Ever willing to help out, I volunteered to do the morning milkings for a few days, so as to allow the family concentrate on its other problems .

The first morning I arrived the temperature gauge in my car read -16 degrees Celcius. Nothing in the yard worked. Everything was frozen and it took me a full four hours to get a tractor started and the milking plant operational.  And that was just the start of it.

All the water pipes were frozen and I, eventually, had to draw water from a nearby river, so as to give the stock a drink. And so it continued for a full month.

By the end of the first week I was at my wit’s end and had it not been for the help of my son and a neighbour, I think I would have given up. I remember, at the time, likening the experience to purgatory.

However, in the middle of it all I also recall reading an article in a magazine, telling me that global warming is a proven scientific fact. This instilled quite a vociferous reaction from yours truly and I was heard to utter words that day, which would have been totally out of place in refined company!

Three years later, the global warming debate is continuing apace. By all accounts there was a tremendous turnout for the recent weather conference, hosted by Teagasc.
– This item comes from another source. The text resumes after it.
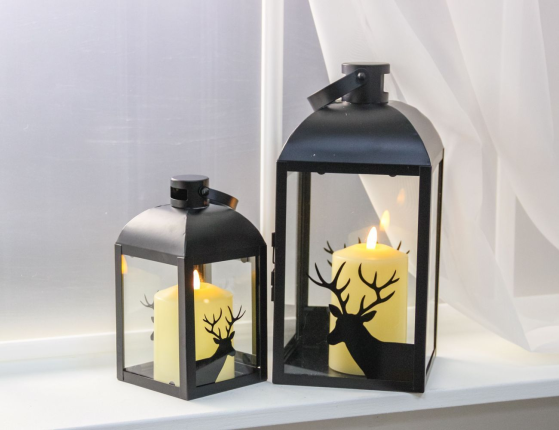 Набор декоративных подсвечников-фонарей СТЕЙНХЕР, металл, стекло, 24-35 см, 2 шт.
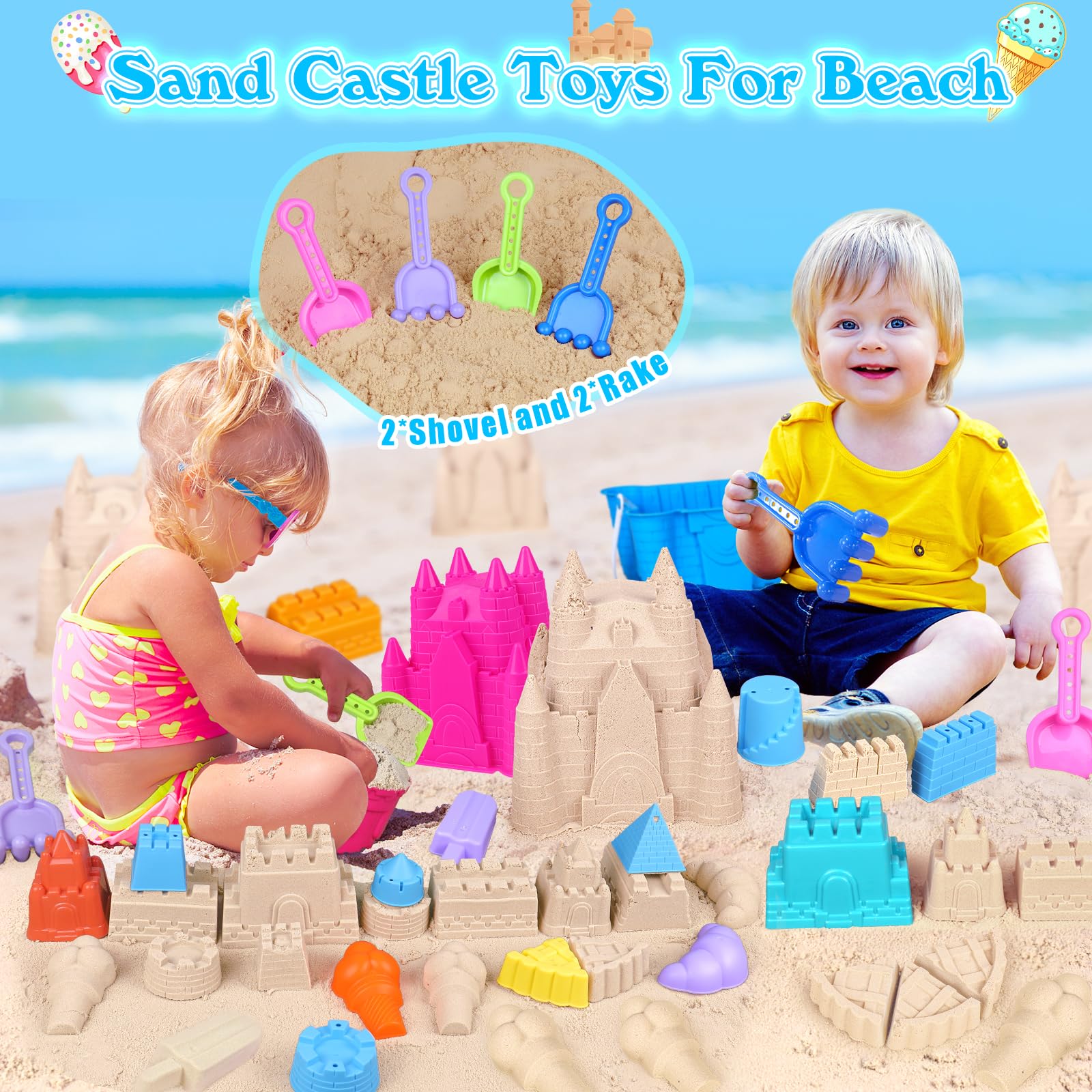 FUSPWEAO travel beach toys ideal for sunny days and family vacations.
Don’t get me wrong: I am not a Luddite. Confusion still exists in my mind regarding the deal that has been struck between the world’s leading nations on the issue of climate change. But the reality remains that this subject has been pushed  to the very forefront of most people’s consciousness. No doubt government policies in countries around the world will change during the years ahead to take account of the threat – perceived or otherwise – which climate change now represents.

So it is important for agriculture in Ireland to play an active role in the climate change debate. But at the end of the day there must be a balance struck between what the local farming industry can do to meet its climate change obligations and maintaining our traditional food production practises.

We all know that cattle and sheep produce methane – now recognised as a ‘Greenhouse Gas’. But does this mean that we have to give up producing milk, beef and lamb extensively from grazed grass?

Recent months have seen this form of animal production come in for a degree of criticism, because some opinion formers are now of the view that it is not climate change friendly.

Consumers, on the other hand, rightly regard this form of food production as being natural and welfare friendly. All the research shows that efficient farming is the way forward in terms of meeting the climate change challenge.

But this must not be achieved at the expense of throwing away the many natural advantages farmers on this island enjoy, chief among them being the option of putting ruminant livestock out to pasture during the grazing season!